### Work task:
Begin at the line below that holds "Шелковое пальто дастер" and end at the line that holds "- Exact Tooling", transcribing each line exactly and skipping any picture.

### Data records:
= Beginning of Section =
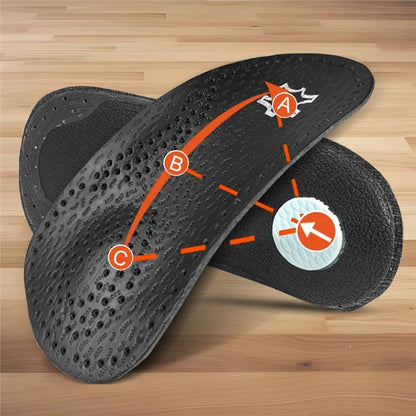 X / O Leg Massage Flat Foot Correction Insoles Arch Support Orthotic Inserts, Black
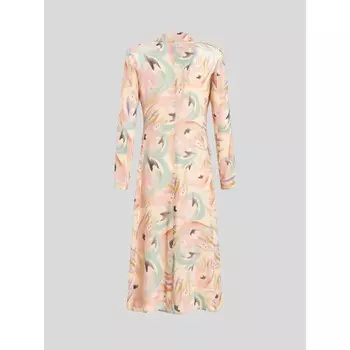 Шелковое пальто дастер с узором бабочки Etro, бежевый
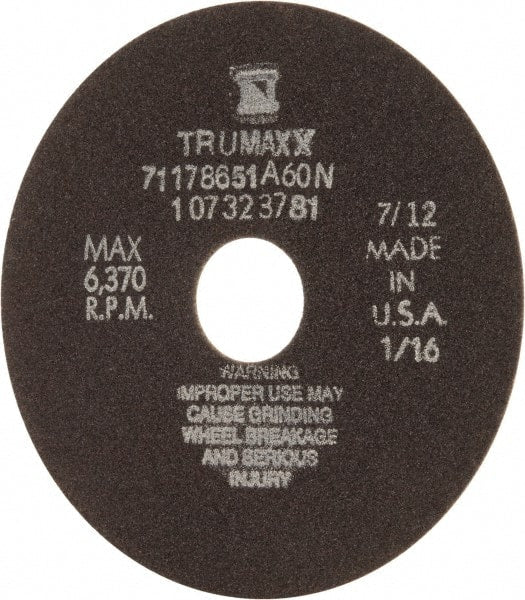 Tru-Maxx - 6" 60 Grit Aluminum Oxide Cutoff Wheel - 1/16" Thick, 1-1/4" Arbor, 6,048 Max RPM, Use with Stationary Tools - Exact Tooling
= End of Section =
= Beginning of Section =
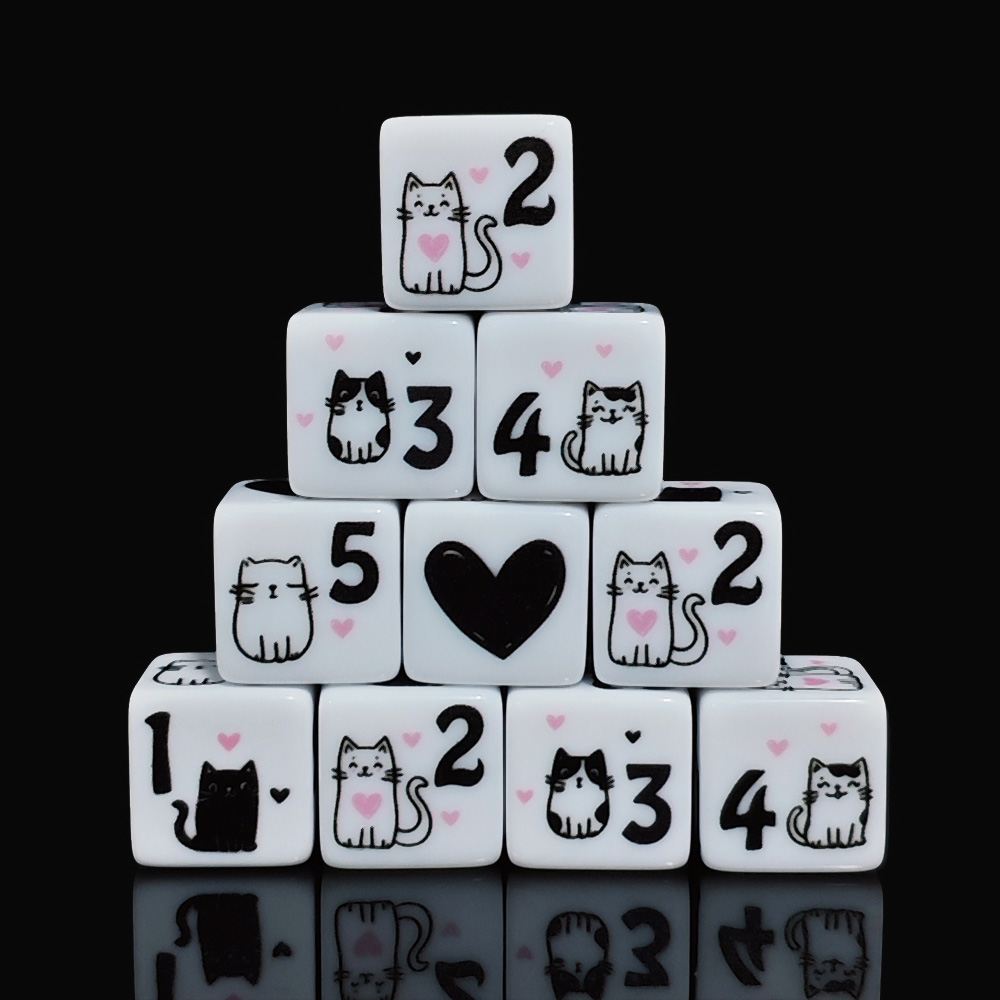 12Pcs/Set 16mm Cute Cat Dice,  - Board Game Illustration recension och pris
= End of Section =
### Answer below:
 Шелковое пальто дастер с узором бабочки Etro, бежевый
 Tru-Maxx - 6" 60 Grit Aluminum Oxide Cutoff Wheel - 1/16" Thick, 1-1/4" Arbor, 6,048 Max RPM, Use with Stationary Tools - Exact Tooling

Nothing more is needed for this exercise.